• EXERCISE REQUIREMENTS
Reprint all of the data below exactly as shown and skip every image.

• PROVIDED DATA

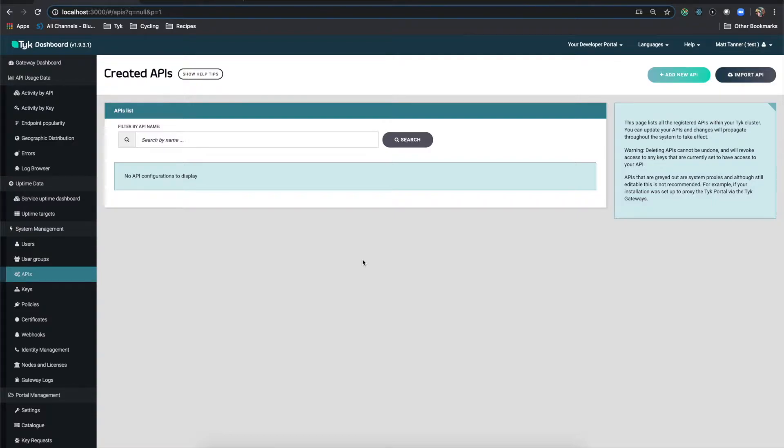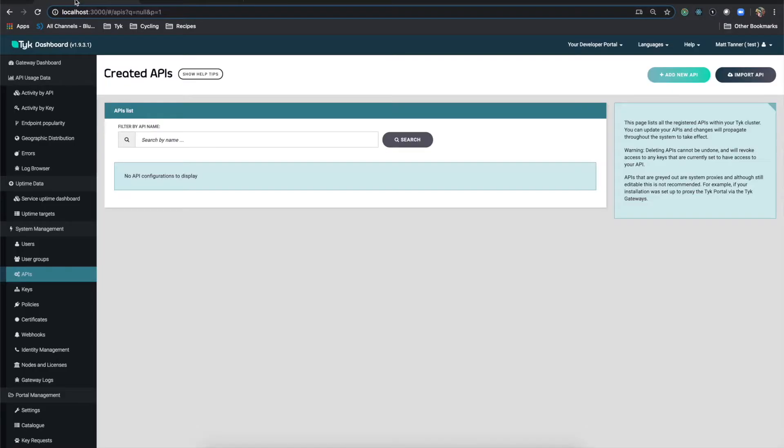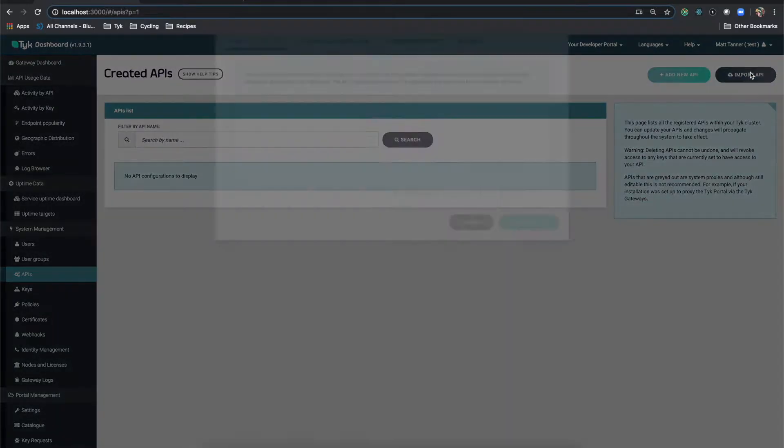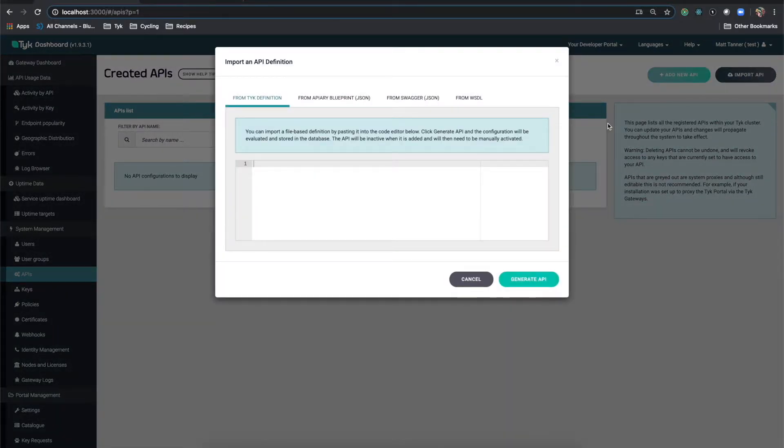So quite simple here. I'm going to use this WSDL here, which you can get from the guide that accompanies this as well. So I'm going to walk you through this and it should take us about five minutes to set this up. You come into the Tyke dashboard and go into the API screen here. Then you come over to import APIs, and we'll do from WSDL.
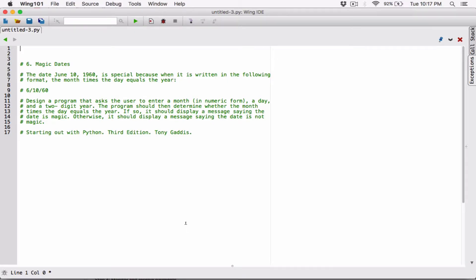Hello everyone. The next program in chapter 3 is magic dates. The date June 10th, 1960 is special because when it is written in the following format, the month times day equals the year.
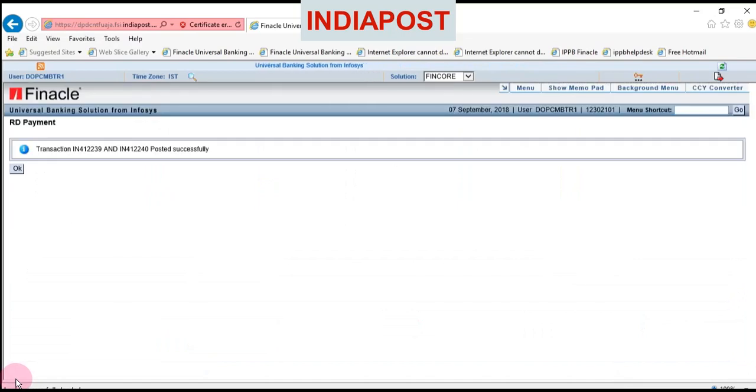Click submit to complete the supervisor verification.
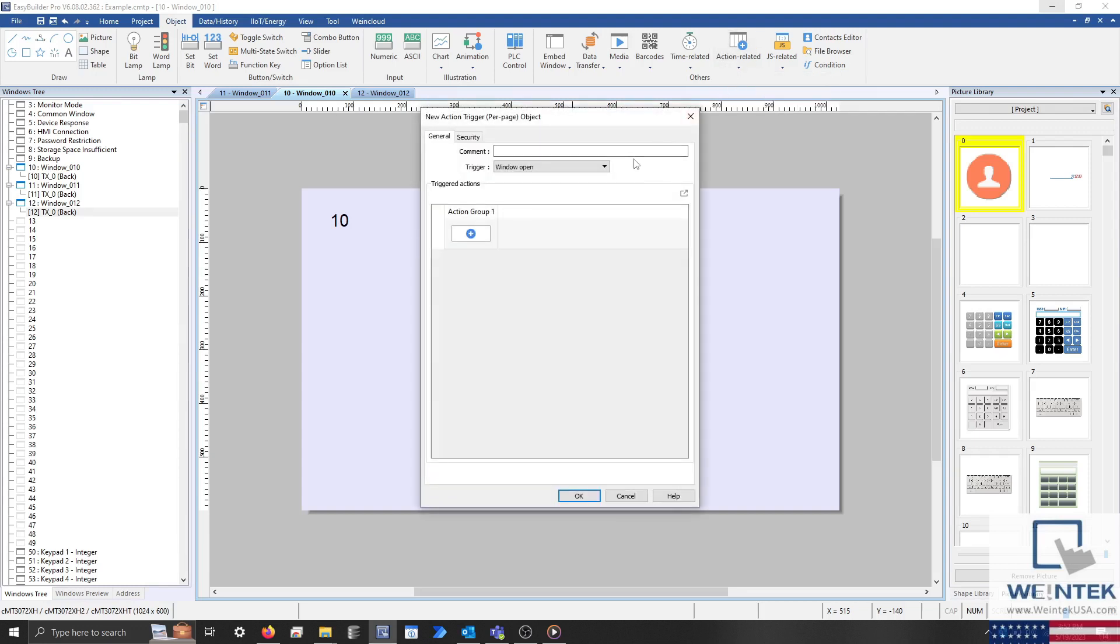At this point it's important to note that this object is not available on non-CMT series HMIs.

• RESPONSE TO THIS EXERCISE
So quite simple here. I'm going to use this WSDL here, which you can get from the guide that accompanies this as well. So I'm going to walk you through this and it should take us about five minutes to set this up. You come into the Tyke dashboard and go into the API screen here. Then you come over to import APIs, and we'll do from WSDL.
Hello everyone. The next program in chapter 3 is magic dates. The date June 10th, 1960 is special because when it is written in the following format, the month times day equals the year.
Click submit to complete the supervisor verification.
At this point it's important to note that this object is not available on non-CMT series HMIs.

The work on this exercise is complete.